Arthur Wesney
- Full name: Arthur William Wesney
- Date of birth: 1 February 1915
- Place of birth: Invercargill, New Zealand
- Date of death: 23 November 1941 (aged 26)
- Place of death: Sidi Rezegh, Libya
- Height: 1.74 m (5 ft 9 in)
- Weight: 79 kg (174 lb)

Rugby union career
- Position(s): Utility back

International career
- Years: Team / Apps / (Points)
- 1938: New Zealand

= Arthur Wesney =

Arthur William Wesney (1 February 1915 — 23 November 1941) was a New Zealand rugby union international.

Born in Invercargill, Wesney was educated at Southland Boys' High School. He represented Southland in cricket and water polo, in addition to rugby, and was twice runner-up to Wilf Hassan in the national diving championships.
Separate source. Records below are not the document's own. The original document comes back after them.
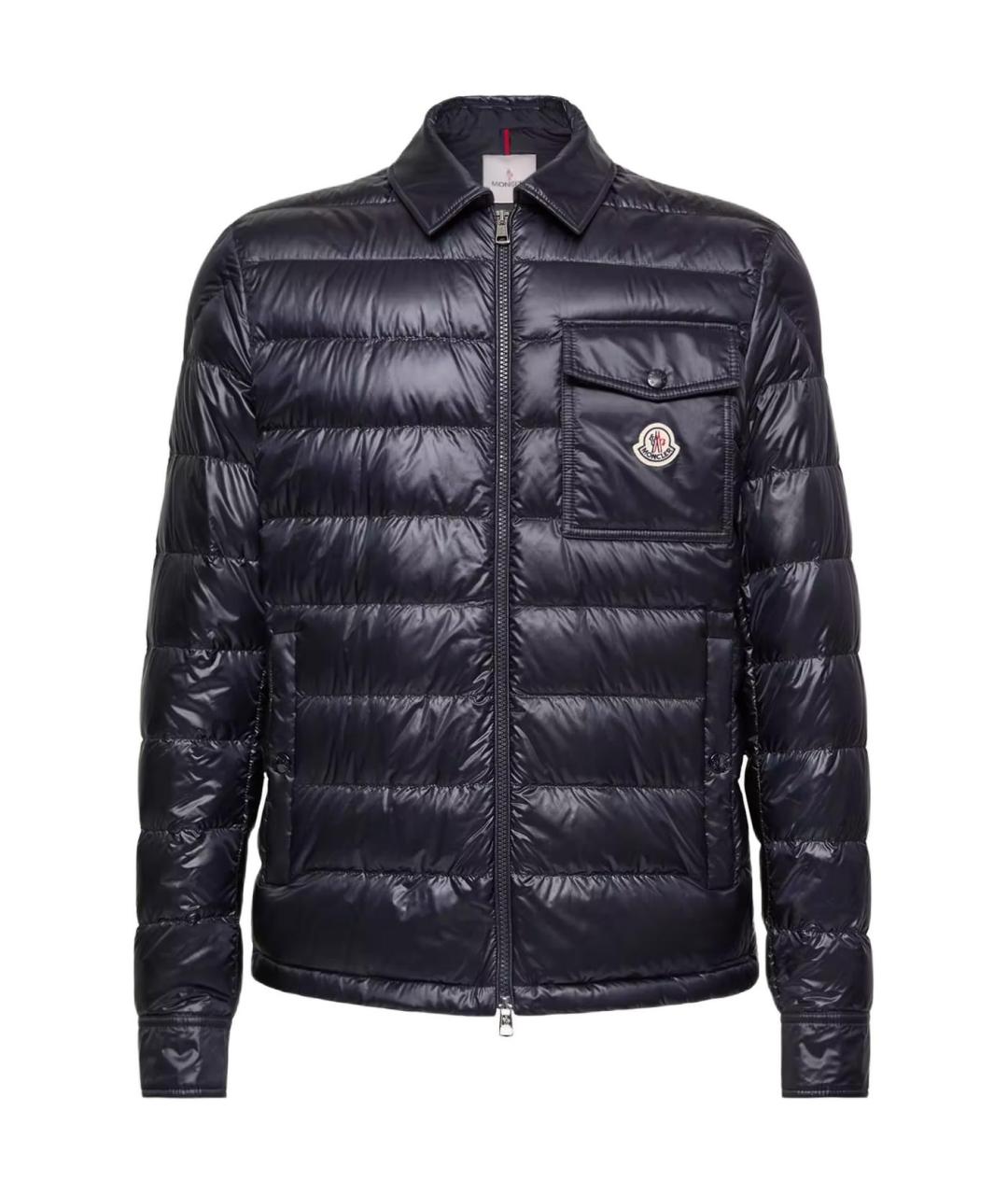 MONCLER Синий пуховик, фото 1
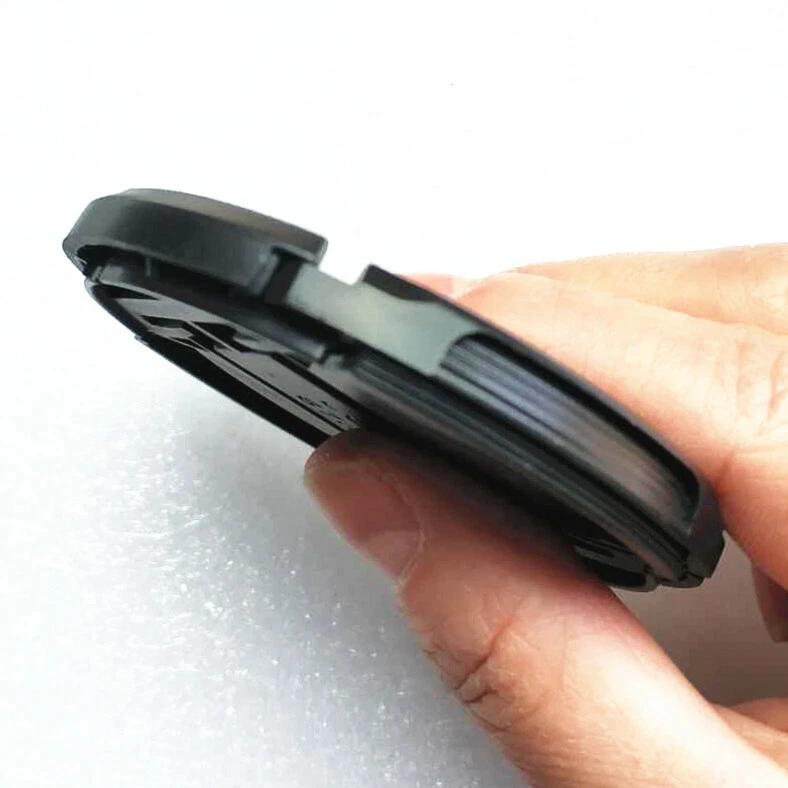 10x 49mm 40.5 52 58 62 67 77 72 82 mm Camera Center Pinch Snap On Front Lens Cap - Image 4 of 4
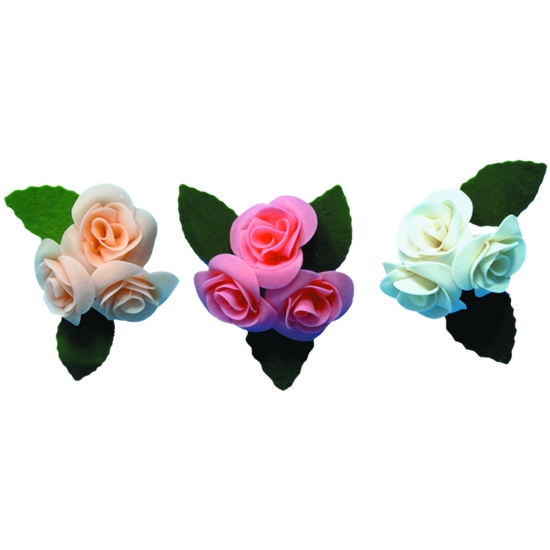 Roses moyennes - boite de 15 unités
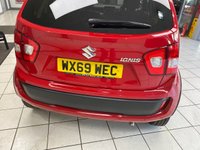 USED 2019 69 SUZUKI IGNIS 1.2 Dualjet SZ-T Hatchback 5dr Petrol AGS Auto Euro 6 (90 ps) FERVENT RED / BLACK CLOTH TRIM / AIRCON / ELECTRIC WINDOWS X4 / ELECTRIC MIRRORS / AUTO LIGHTS / REMOTE CENTRAL LOCKING / DAB FM AM TUNER / BLUETOOTH / SD CARD / USB / SMARTPHONE APP LINK / REAR PARKING CAMERA / PRIVACY GLASS / ROOF RAILS / 16" ALLOY WHEELS / SERVICE HISTORY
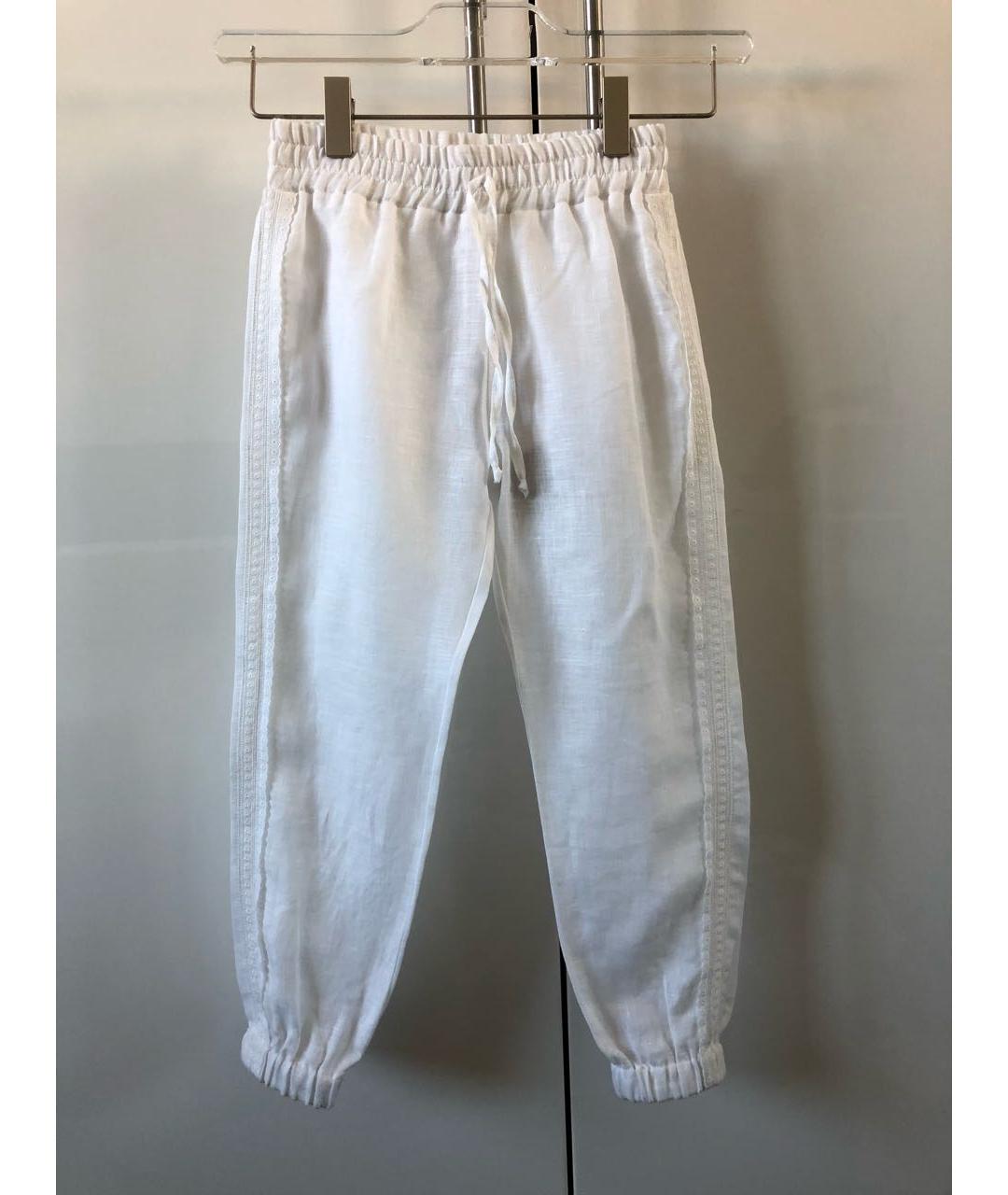 ERMANNO SCERVINO Белый льняной комплект, фото 2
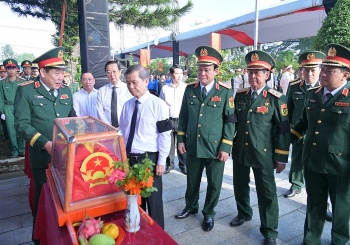 Cần Thơ tổ chức Lễ viếng, truy điệu và an táng 120 hài cốt liệt sĩ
Wesney, a versatile, goal-kicking back, was on the Southland team which claimed the 1937 Ranfurly Shield from Otago. He toured Australia with the All Blacks in 1938 and featured in three of the uncapped matches, which included a hat-trick of tries against the Australian Capital Territory at Manuka Oval in Canberra.

During World War II, Wesney served with the 26th Battalion and attained the rank of captain. He was killed in action while leading a charge on German positions at Sidi Rezegh, Libya in 1941, at the age of 26.